Abstract

Graph neural networks have been frequently applied in recommender systems due to their powerful representation abilities for irregular data. However, these methods still suffer from the difficulties such as the inflexible graph structure, sparse and highly imbalanced data, and relatively shallow networks, limiting rate prediction ability for recommendations. This paper presents a novel deep dynamic graph attention framework based on influence and preference relationship reconstruction (DGA-IPR) for recommender systems to learn optimal latent representations of users and items. The entire framework involves a user branch and an item branch. An influence-based dynamic graph attention (IDGA) module, a preference-based dynamic graph attention (PDGA) module, and an adaptive fine feature extraction (AFFE) module are respectively constructed for each branch. Concretely, the first two attention modules concentrate on reconstructing influence and preference relationship graphs, breaking imbalanced and fixed constraints of graph structures.

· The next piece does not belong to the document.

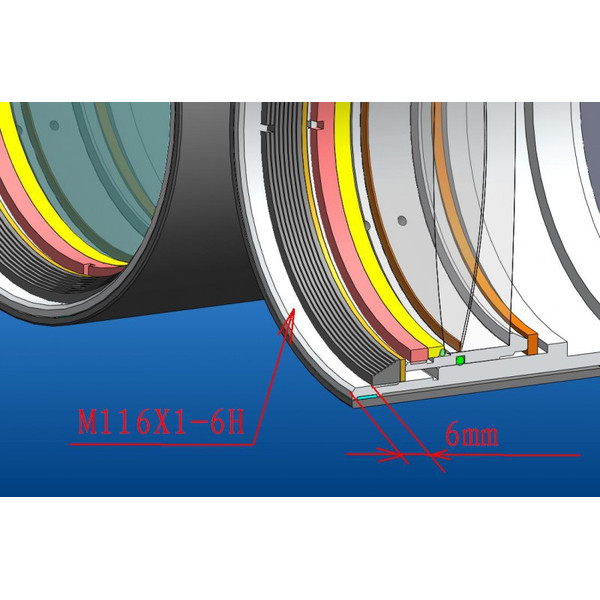 APM Lornetka 100mm 45° ED-APO 1,25"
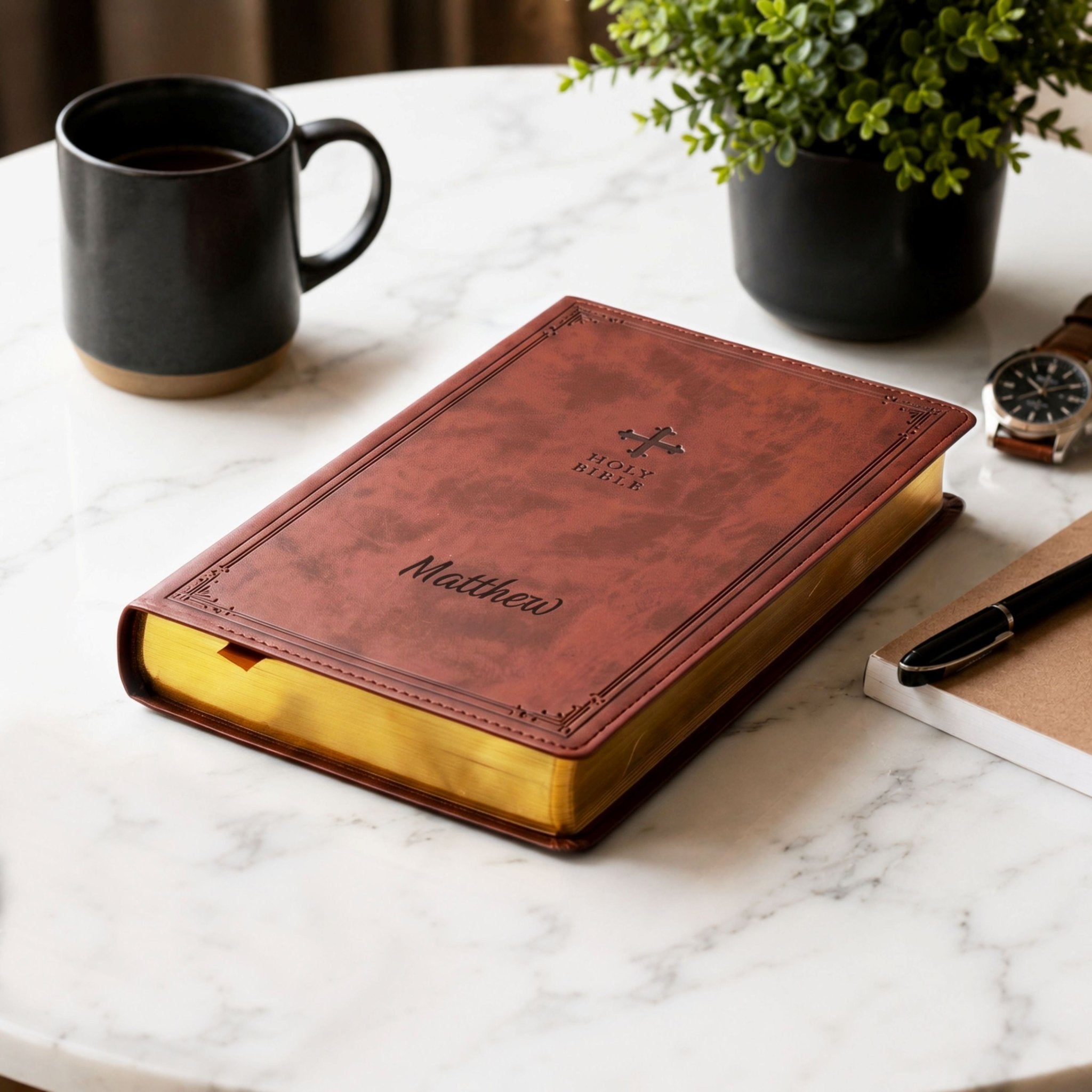 Personalized NRSV Bible Catholic Edition – Custom Engraved Name | New Revised Standard Version - Religious Books - Aylev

Then a deep feature aggregation block and an adaptive feature fusion operation are built, improving the network depth and capturing potential high-order information expressions. Besides, AFFE is designed to acquire finer latent features for users and items. The DGA-IPR architecture is formed by integrating IDGA, PDGA, and AFFE for users and items, respectively. Experiments reveal the superiority of DGA-IPR over existing recommendation models.